Em outros relatórios, a Human Rights Watch abordou outros aspectos do conflito, incluindo violações por parte de Israel em sua conduta das hostilidades. Um estudo importante da Human Rights Watch, intitulado Why They Died: Civilian Deaths in Lebanon during the 2006 Israel-Hezbollah War (Porque eles morreram: Mortes de civis no Líbano durante a guerra Israel-Hezbollah em 2006), será divulgado em setembro. A Human Rights Watch sempre mede o cumprimento de cada parte envolvida das suas obrigações perante as leis de guerra, e não compara simplesmente o comportamento de um lado com a conduta da outra parte envolvida no conflito. De acordo com as leis de guerra, violações feitas por uma parte do conflito não justificam ou minimizam violações cometidas pela outra parte.
Em Civilians under Assault, a Human Rights Watch apela ao Hezbollah, por uma questão de prática e doutrina, para que cesse todos os ataques que deliberadamente têm civis como alvo, bem como aqueles que não podem distinguir civis de combatentes, e que renuncie publicamente do argumento de que ataques a civis israelenses são permitidos como forma de retaliação contra os ataques israelenses a civis libaneses. O relatório solicita que o governo do Líbano proíba a entrega de mísseis ao Hezbollah, enquanto este os usar, ou enquanto defender uma doutrina que permita seu uso, em ataques deliberados e indiscriminados a áreas civis.
O relatório também apela aos governos da Síria e do Irã para que não permitam a transferência de material bélico para o Hezbollah, incluindo projéteis que o Hezbollah tem usado em violação da lei humanitária internacional.

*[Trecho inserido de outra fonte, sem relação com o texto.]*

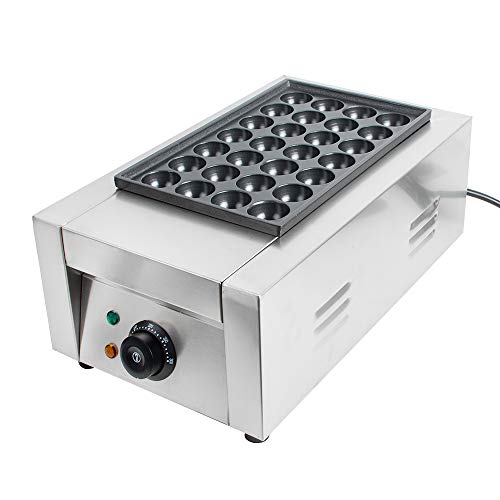 Electric Takoyaki Maker Pan, Commercial 28Pcs Japanese Octopus Fish Ball Maker Nonstick Grill Plate Cake Pancake Machine, 110V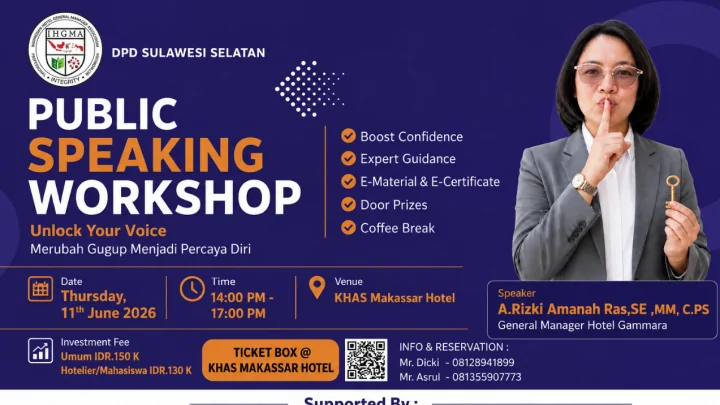 IHGMA Sulsel Gelar Workshop Public Speaking di Makassar, Targetkan Profesional dan Mahasiswa Atasi Demam Panggung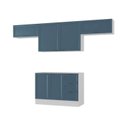 Ver imagem 2 de Cozinha Compacta Planejada 4 Peças 3 Aéreos 1 Balcão Soho CabeCasa MadeiraOriginals Azul/Branco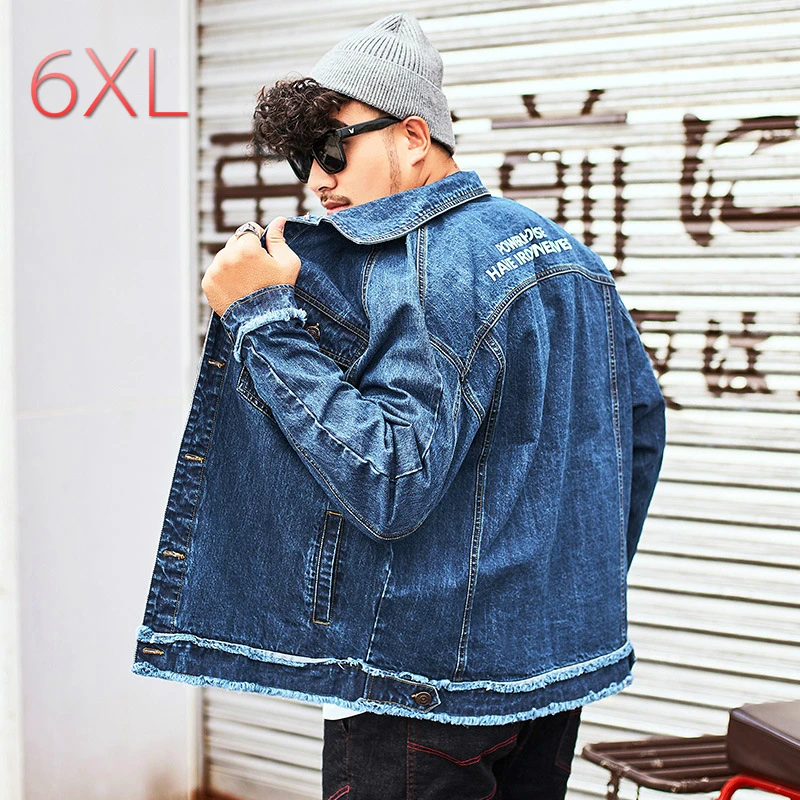 

Large Size Men's Cowboy Jacket Men's 2019 Spring Autumn Fashion Men's Denim Jackets Coats Men Cotton Jean Jacket Outwear Male
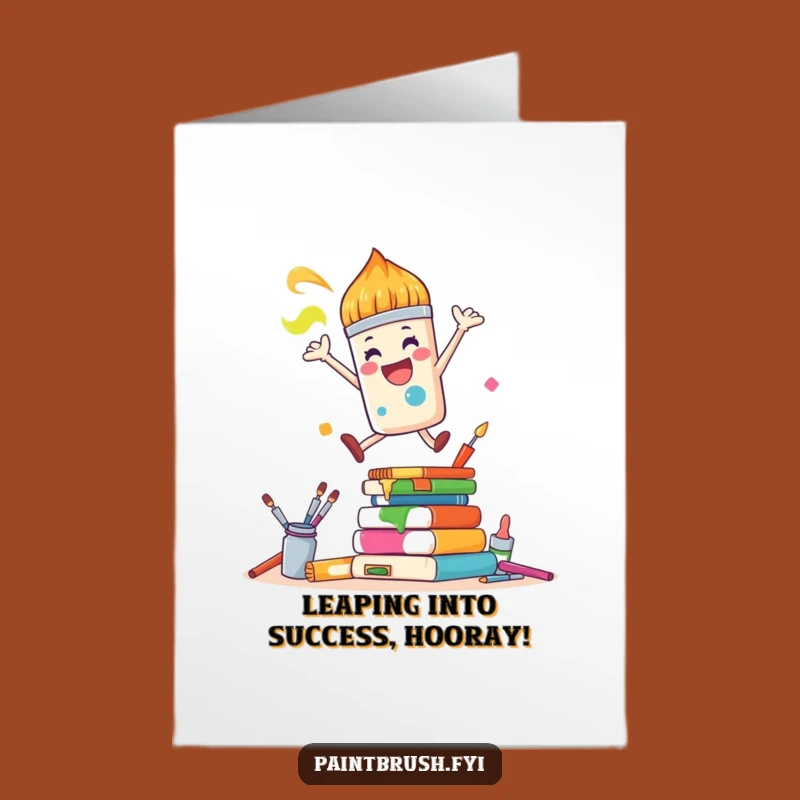 Free Printable Congrats Card: Joyful Paintbrush Leap - Celebratory Downloadable Gift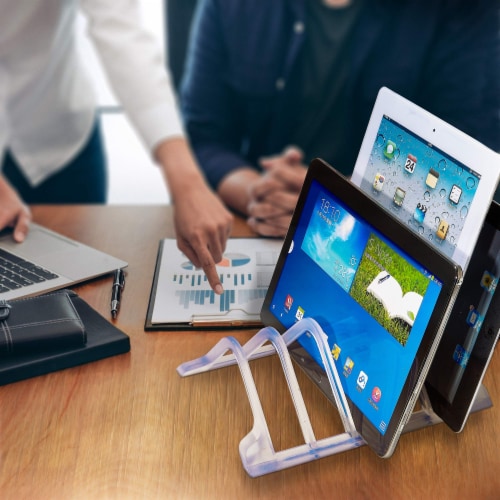 Prosumers Choice 5 Device Universal Tablet & Smartphone Charging Stand - Clear Perspective: left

A Human Rights Watch disse que, em alguns casos, Israel posicionou suas próprias instalações militares fixas e móveis dentro ou próximo de áreas civis ao norte de Israel, levantando questões quanto ao cumprimento integral da norma que exige que se evite, na medida do possível, o posicionamento de alvos militares dentro ou próximo de áreas densamente povoadas, para adequadamente proteger todos os cidadãos que moram próximo de instalações militares. Apesar de essa prática não ter diminuído a responsabilidade do Hezbollah de sempre distinguir não-combatentes de alvos militares legítimos, a Human Rights Watch apela ao governo de Israel para que tome todas as medidas possíveis para posicionar alvos militares longe de áreas densamente povoadas e para proteger, em igualdade de condições, todos os civis que possam estar sob risco extremo de sofrer um ataque inimigo, devido a sua proximidade a bases militares israelenses.

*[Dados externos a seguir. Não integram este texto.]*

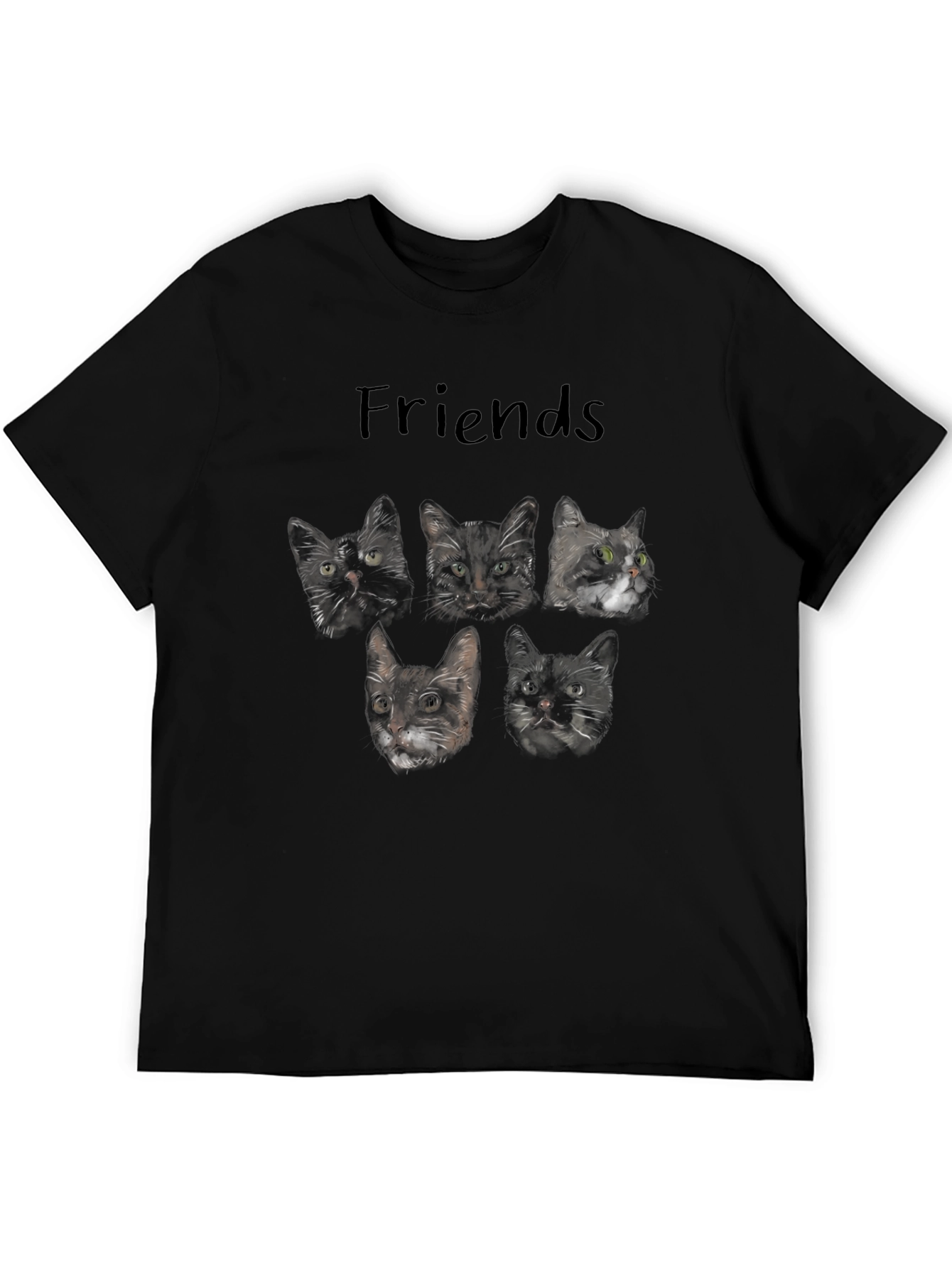 Cat Friends T-Shirt - Black Crew Neck Tee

Por fim, ao observar que, até o momento, tanto o governo do Líbano como o de Israel falharam em investigar as violações da lei humanitária internacional cometidas durante a guerra de 2006, a Human Rights Watch recomenda que o secretário-geral das Nações Unidas estabeleça uma comissão internacional de investigação para averiguar relatos de violações da lei humanitária internacional, incluindo possíveis crimes de guerra, no Líbano e em Israel, e que formule recomendações que visem responsabilizar aqueles que violaram a lei.
“O Hezbollah, tal como Israel, deve respeitar as leis de guerra”, disse Whitson. “A menos que os responsáveis em ambos os lados sejam responsabilizados por suas ações, em vez de terem a permissão para se esconderem atrás das violações dos adversários, tememos que civis continuarão, inevitavelmente, a pagar caro.”